More points to consider. Cast iron is notorious for hard occlusions that are almost impossible to thread with small taps.

Taps that are not sharp will bind mush worse than sharp ones.

The amount of flex a tap will tolerate is determined by the manufacturer when the tap is tempered. Too hard and they snap instantly. Too soft and they flex well but wear out quickly.


----------



## JackG (Mar 26, 2012)

In my experience, the first rule is: keep it clean. When the tap feels like it's starting to bind, I back it out, brush it off and blow out the hole with air to remove any debris. 

Jack


----------



## smfr (Mar 26, 2012)

Thanks for all the excellent advice, guys! I need to make myself a floating holder.

I think my main error was trying to go for full thread depth. I have plenty more holes on this model to practice on!

Simon


----------



## Swede (Mar 26, 2012)

If tapping scary material, another technique is to alternate taper and plug taps. Run the taper tap in until the forces become a little scary, then back it out. Follow with the plug tap, again until forces get a bit high for the tap in question. Repeat the process with the taper tap.

The two profiles complement each other nicely, with the added bonus of clearing chips frequently and well. It's tedious, but beats a broken tap in SS and the like.


----------



## Lew Hartswick (Mar 26, 2012)

If you have the material depth just drill deeper and use a spiral point tap. 
Piece of cake. 
  ...Lew...


----------



## rkepler (Mar 26, 2012)

Lew Hartswick  said:
			
		

> If you have the material depth just drill deeper and use a spiral point tap.



A 4BA spiral point tap? I've got to get the name of your supplier! Maybe they have spiral flute too!

Another thing you can try is that if you've got a lot of threads in the assembly you can really reduce the tapping effort by reducing the % thread. If you have 3x diameter in the engagement you could go as little as 50% thread.

I also tap in the same setup as I drill - spot, drill to depth, tap. That helps a lot - a misaligned tap will almost alway break at depth (no matter what that might be - they *know* when the point of max inconvenience is reached.

If there isn't room for the tapping chips in the bottom of the hole I'll break a shop rule and pop 'em out with the air gun - usually by sneaking up on it from the side. Pretty much the only way to clear the hole short of lifting up the mill and shaking it when upside down, and that's just too much trouble.


----------



## Lew Hartswick (Mar 27, 2012)

Russ, I haven't any idea what a 4BA tap is. I have a 4-40 or is it a 5-40 spiral point
tap and it woks fine. 
  ...lew...


----------



## JackG (Mar 27, 2012)

BA is a British thread standard. Check here for more info.

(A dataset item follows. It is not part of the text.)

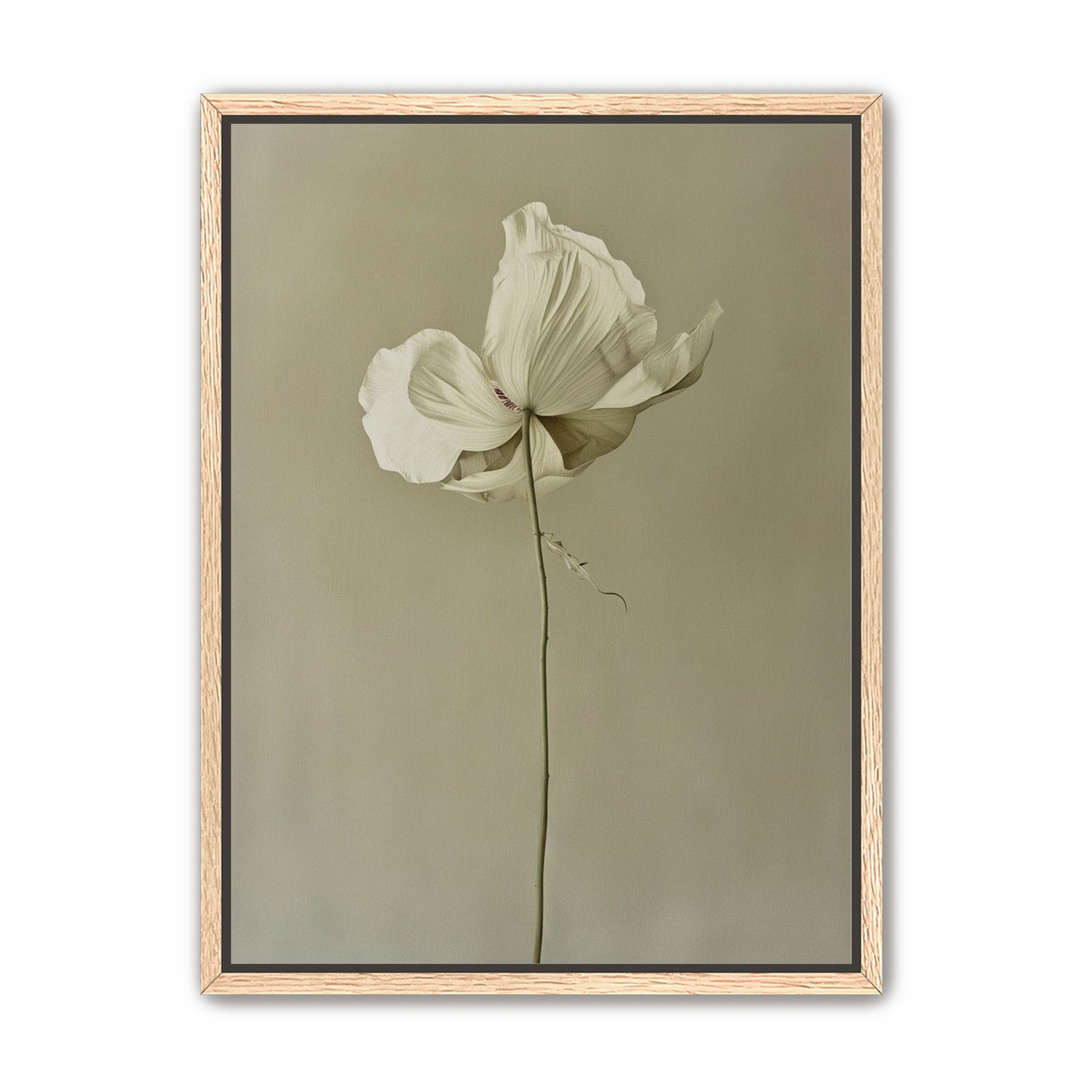 Ivory bloom in gray air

http://en.wikipedia.org/wiki/British_Association_screw_threads


Jack


----------



## lensman57 (Mar 27, 2012)

Lew Hartswick  said:
			
		

> Russ, I haven't any idea what a 4BA tap is. I have a 4-40 or is it a 5-40 spiral point
> tap and it woks fine.
> ...lew...



Hi,

BA is the old British standard of threads , as old as the industrial revolution that started from England and mostly from Manchester, it is 55 degrees inclusive and bloody hard to come by these days cheaply, even in England. The smallest that I have are 10BA then 8BA, 6BA,4BA and it goes on. These days almost nearly, we use the metric system in the UK, much more logical and a lot cheaper.

Regards,

A.G


----------



## rkepler (Mar 27, 2012)

lensman57  said:
			
		

> Hi,
> 
> BA is the old British standard of threads , as old as the industrial revolution that started from England and mostly from Manchester, it is 55 degrees inclusive and bloody hard to come by these days cheaply, even in England. The smallest that I have are 10BA then 8BA, 6BA,4BA and it goes on. These days almost nearly, we use the metric system in the UK, much more logical and a lot cheaper.

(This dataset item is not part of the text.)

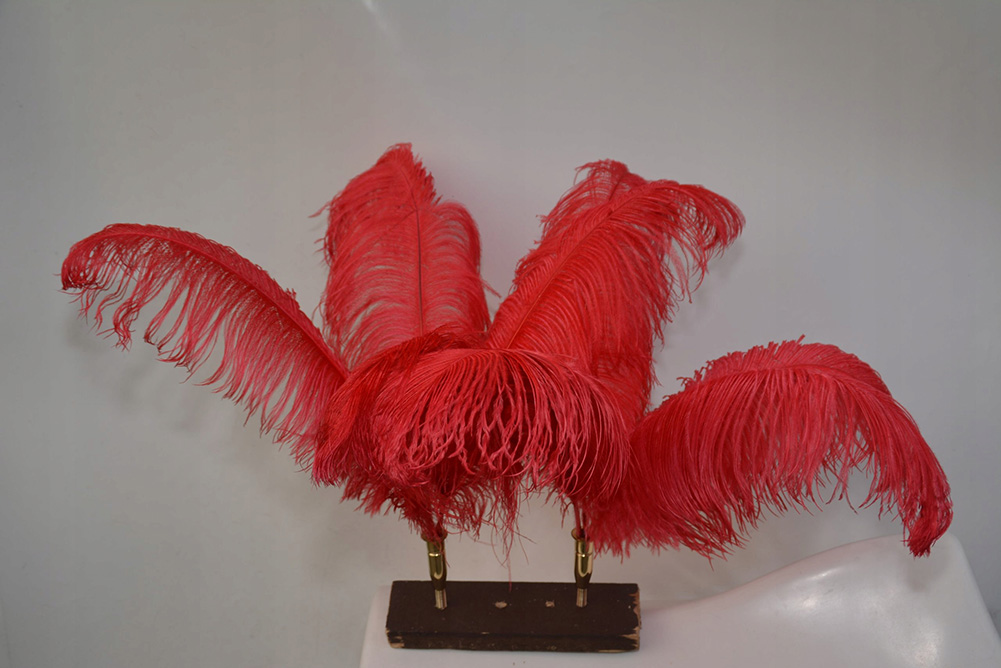 PIÓROPUSZ DO ZAPRZĘGU -STRUSIE PIÓRA Płeć nie dotyczy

It's actually 47 1/2 degree but the rounded crest and valley of the Whitworth form. Not really that old, it was proposed near the end of the 1800's and accepted in 1903. Sort of a odd thread as the pitch and nominal diameter is metric(ish) - no real relationship that I can find (maybe related to a wire standard or something?).

For Lew: a 4BA is somewhere between 6-32 and 5-40 at .142-38.5 (metric 3.6x.66) I wouldn't want to have to single point a BA thread.


----------



## Blogwitch (Mar 28, 2012)

There are very few lathes that can single point BA threads, usually only very expensive toolroom machines, mainly because every size has a special non standard pitch, neither Imperial or metric standard. So for cutting BA threads, most people use tap & die sets.

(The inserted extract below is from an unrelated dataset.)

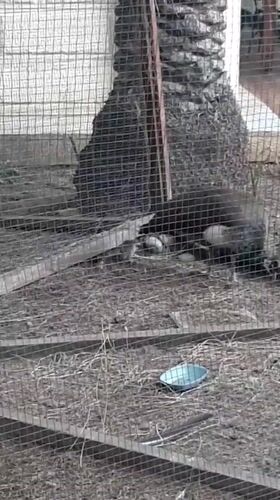 Casual scenes around Alanya from peacocks to volleyball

BA was used as standard throughout the aviation industry by the electrical trades until maybe the late 80's early 90's, before converting over to the metric system, it was also used by certain electrical trades in industry as well, but now has been superceded by metric. 
Because of the longevity of life of aircraft, there are most probably still hundreds knocking about that still use a lot of BA electrical fixings.

BA, in the UK are just as easily available as metric or imperial thread cutting tools, and no more expensive than the others. I myself have 3 or 4 full boxed sets up to 12 BA, and the last set that I purchased was only a couple of months ago.

Most engineering suppliers have them in stock

Second set down

http://rdgtools.co.uk/acatalog/TAP_&_DIE_SET_S.html

Sets 6, 7, 8, 10, 12 & 14 on here

http://www.chronos.ltd.uk/acatalog/Engineering_Menu_Taps___Dies_Sets_182.html

Pay your money, make your choice


John


----------



## Jasonb (Mar 28, 2012)

rkepler  said:
			
		

> A 4BA spiral point tap? I've got to get the name of your supplier! Maybe they have spiral flute too!



MSC / J&L over here have selected commonly used BA sizes in both spiral point and also spiral flute, so yes they are available.

I now get my BA taps from one of the ME suppliers who also does all sizes in spiral point, but their web pictures show otherwise.

As mentioned in Jack's link the pitch is a mathmatical progression startion from 0BA which is 6.0mm dia hence the rather odd pitches.

J


----------



## lensman57 (Mar 28, 2012)

rkepler  said:
			
		

> It's actually 47 1/2 degree but the rounded crest and valley of the Whitworth form. Not really that old, it was proposed near the end of the 1800's and accepted in 1903. Sort of a odd thread as the pitch and nominal diameter is metric(ish) - no real relationship that I can find (maybe related to a wire standard or something?).
> 
> For Lew: a 4BA is somewhere between 6-32 and 5-40 at .142-38.5 (metric 3.6x.66) I wouldn't want to have to single point a BA thread.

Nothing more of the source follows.